> **Task inputs**
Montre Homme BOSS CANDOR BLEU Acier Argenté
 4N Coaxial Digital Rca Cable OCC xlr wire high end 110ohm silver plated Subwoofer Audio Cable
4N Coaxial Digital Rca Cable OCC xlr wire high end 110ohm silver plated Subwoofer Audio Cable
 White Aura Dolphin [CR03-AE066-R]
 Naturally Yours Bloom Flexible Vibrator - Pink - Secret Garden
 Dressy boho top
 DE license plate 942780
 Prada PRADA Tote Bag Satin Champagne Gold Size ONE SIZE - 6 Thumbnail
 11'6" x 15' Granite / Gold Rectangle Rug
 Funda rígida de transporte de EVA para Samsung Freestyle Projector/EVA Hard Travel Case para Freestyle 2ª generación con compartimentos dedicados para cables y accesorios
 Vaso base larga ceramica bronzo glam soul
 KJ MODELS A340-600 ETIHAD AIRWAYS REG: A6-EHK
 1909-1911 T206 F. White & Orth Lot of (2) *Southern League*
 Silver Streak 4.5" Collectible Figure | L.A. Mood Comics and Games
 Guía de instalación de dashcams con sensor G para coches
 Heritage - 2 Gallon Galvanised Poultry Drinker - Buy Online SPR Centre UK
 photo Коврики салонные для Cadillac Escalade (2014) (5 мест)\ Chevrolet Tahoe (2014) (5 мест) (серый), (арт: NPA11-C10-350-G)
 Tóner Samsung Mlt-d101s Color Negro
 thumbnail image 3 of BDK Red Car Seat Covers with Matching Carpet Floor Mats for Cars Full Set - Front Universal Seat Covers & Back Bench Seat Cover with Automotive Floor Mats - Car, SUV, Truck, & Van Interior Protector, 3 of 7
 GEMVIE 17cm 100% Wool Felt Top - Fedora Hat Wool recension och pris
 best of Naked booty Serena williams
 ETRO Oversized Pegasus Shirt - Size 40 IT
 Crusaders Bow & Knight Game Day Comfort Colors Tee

> **What needs to be done**
From the data above, reproduce word for word the lines running from the line with "Naturally Yours Bloom" to the line with "Guía de instalación", ends included.

> **Task output**
 Naturally Yours Bloom Flexible Vibrator - Pink - Secret Garden
 Dressy boho top
 DE license plate 942780
 Prada PRADA Tote Bag Satin Champagne Gold Size ONE SIZE - 6 Thumbnail
 11'6" x 15' Granite / Gold Rectangle Rug
 Funda rígida de transporte de EVA para Samsung Freestyle Projector/EVA Hard Travel Case para Freestyle 2ª generación con compartimentos dedicados para cables y accesorios
 Vaso base larga ceramica bronzo glam soul
 KJ MODELS A340-600 ETIHAD AIRWAYS REG: A6-EHK
 1909-1911 T206 F. White & Orth Lot of (2) *Southern League*
 Silver Streak 4.5" Collectible Figure | L.A. Mood Comics and Games
 Guía de instalación de dashcams con sensor G para coches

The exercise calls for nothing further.